(没啥大用)甄别图片中有问题的信息,并重命名

发布时间 2023-12-23 22:11:18作者: 不上火星不改名
import os
import shutil
import re
from nltk.corpus import words

# 设置英文字典
word_list = set(words.words())


def is_valid_word(word):
    return word.lower() in word_list


def get_new_name(base, ext, root):
    counter = 0
    new_name = base + ext
    while os.path.exists(os.path.join(root, new_name)):  # 确保新名称不会导致冲突
        counter += 1
        new_name = base + f"({counter})" + ext
    return new_name


def process_image_name(name, x, root):
    parts = name.split(',')
    if len(parts) - 1 < x:
        return name  # 不改变原始文件名

    base, ext = os.path.splitext(parts[x])
    valid_words = [word for word in re.split(r'\s+|\W+|\d+', base) if is_valid_word(word)]
    if len(valid_words) == len(base.split()):  # 所有单词都有效
        return name
    else:
        # 删除字段A并添加后缀
        new_base = ','.join(parts[:x])
        return get_new_name(new_base, ext, root)

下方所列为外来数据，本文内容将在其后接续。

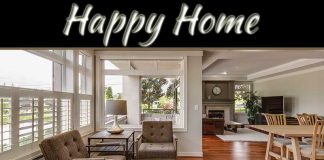 Simple Things To Make Your Home A Happier Place Simple Things To Make Your Home A Happier Place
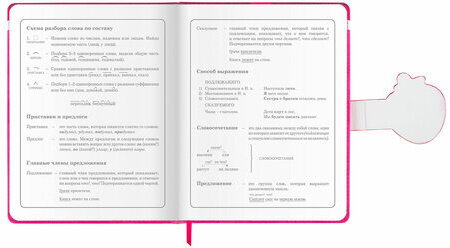 Дневник 1-4 класс 48 л., кожзам (твердая), застежка, ЮНЛАНДИЯ, "Клубнички", 106942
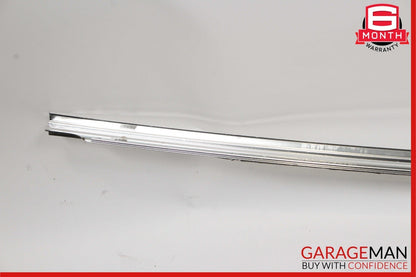 12-18 Audi A7 Right Passenger Side Upper Roof Drip Molding Strip Trim OEM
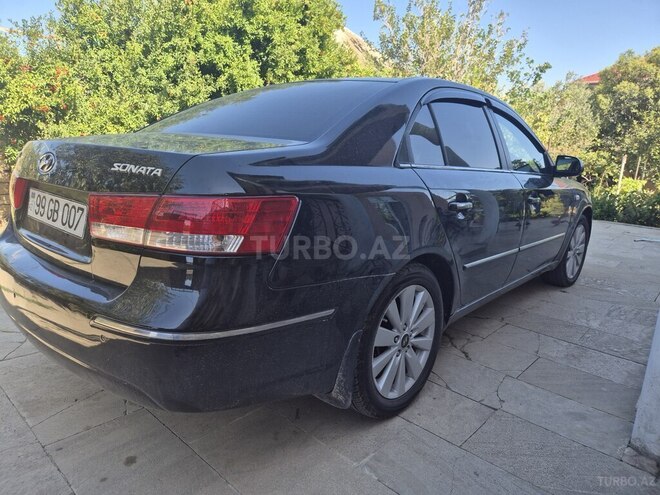 Hyundai Sonata 2008, 170,000 km - 2.4 л - Bakı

def copy_structure(src, dest):
    for dirpath, dirnames, filenames in os.walk(src):
        structure = os.path.join(dest, os.path.relpath(dirpath, src))
        if not os.path.isdir(structure):
            os.makedirs(structure)


def main(parent_dir_a, target_dir_b, x):
    parent_dir_c = target_dir_b + "-副本"
    copy_structure(parent_dir_a, parent_dir_c)  # 复制文件夹结构

    renamed_images = []  # 记录重命名的图片集合B
    for root, dirs, files in os.walk(parent_dir_a):
        for file in files:
            if file.lower().endswith(('.png', '.jpg', '.jpeg', '.gif', '.bmp')):
                new_name = process_image_name(file, x, root)
                if new_name != file:
                    os.rename(os.path.join(root, file), os.path.join(root, new_name))
                    renamed_images.append((os.path.join(root, new_name),
                                           os.path.join(parent_dir_c, os.path.relpath(root, parent_dir_a), new_name)))

    for src, dest in renamed_images:  # 移动重命名的图片到父目录c
        shutil.move(src, dest)


if __name__ == "__main__":
    parent_dir_a = input("请输入父目录a(原始数据地址):")
    target_dir_b = input("请输入指定目录b(复制文件夹结构的目标位置):")
    x = int(input("请输入自然数X(处理第几个逗号后的内容):"))
    main(parent_dir_a, target_dir_b, x)